A Burgundian born on the 12 December 1779 into a family of wine-coopers, Madeleine Sophie Barat was the youngest of three children. The eldest, Louis, born in 1768 was destined for the Church but the French Revolution deferred his plans. After many difficulties, he was secretly ordained a priest in September 1795 and entered the Society of Jesus when it was re-established under the Restoration. The second child, Marie Louise, was married in 1793. She had ten children of whom only one had a family. This branch is extinct.
An unusually cultured woman thanks to her mother who was interested in the cultural fashions of the time, but above all thanks to her brother Louis, who, while waiting to be ordained priest, was a teacher at the college in Joigny. Sophie received an exceptional education for a girl of her time. She was grounded in secular and sacred studies and learnt ancient and modern languages. She arrived in Paris in the autumn of 1795 where her training, begun in Joigny, continued under Louis’ stern rule.

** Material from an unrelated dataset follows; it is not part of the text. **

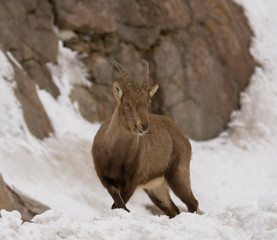 Young Ibex on a mountain slope in the winter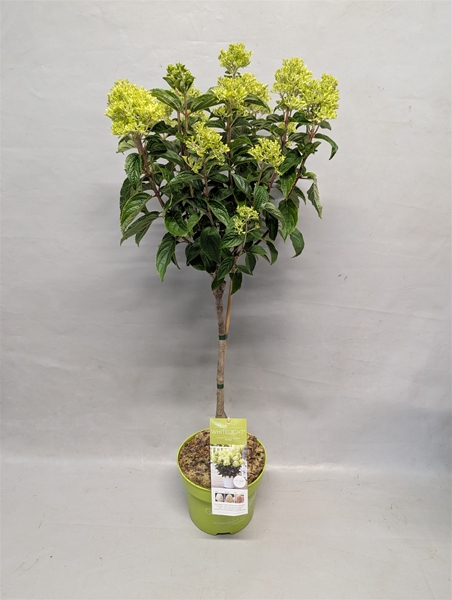 Hydrangea Paniculata Stam White Light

A woman of lively faith, Sophie was a pious child who when young decided to consecrate herself to God. Her family was Jansenist like many others in Joigny. Right at the end of the reign of Louis XVI, under the influence of Louis Barat, he family was won over to the devotion of the Sacred Heart. Madeleine Sophie Barat was deeply affected by the Revolution during which she lived under a government which, by disorganizing then forbidding the practice of religion, impeding the teaching of the faith and harrying the priest, sought to overturn the laws of God. She shared the anguish of her family over the fate of Louis Barat. After having retracted his oath of fidelity to the Civil Constitution of the Clergy in 1792, Louis was imprisoned in Parish and escaped the guillotine by miracle, thanks to the fall of Robespierre.
The foundress of the Society of the Sacred Heart, an international congregation which, at the present time, extends across all the continents into about forty countries and which numbers server thousand religious. Under the Director, Sophie Barat began, in prayer, to envisage a new congregation of women which, to honor the Heart of Christ and to spread the love of God, would be dedicated to the education of girls. This plan took shape thanks to Farther Varin to whom her brother Louis introduced her in 1800. Joseph Varin spoke to her of a recently founded congregation, the Dilette di Jesu, which had similar objectives to her own.
On November 21, 1800, Sophie Barat pronounced her first vows in Paris. The following year the apostolic activity of the new institute took off, thanks to the establishment at Amiens of its first girl’s boarding school. In 1804, for political reasons, the house at Amiens separated from the Dilette di Jesu. That same year Madeleine Sophie Barat was designated superior of the Dames de l’Instruction Chrétinne, the name that was that of the congregation until 1815, because it was impossible to refer to the Sacred Heart, understood, since the Vendean wars as the counter-revolutionary symbol. The new congregation was beginning to flourish, and Sophie Barat was named superior general in 1806, a charge she would bear until her death.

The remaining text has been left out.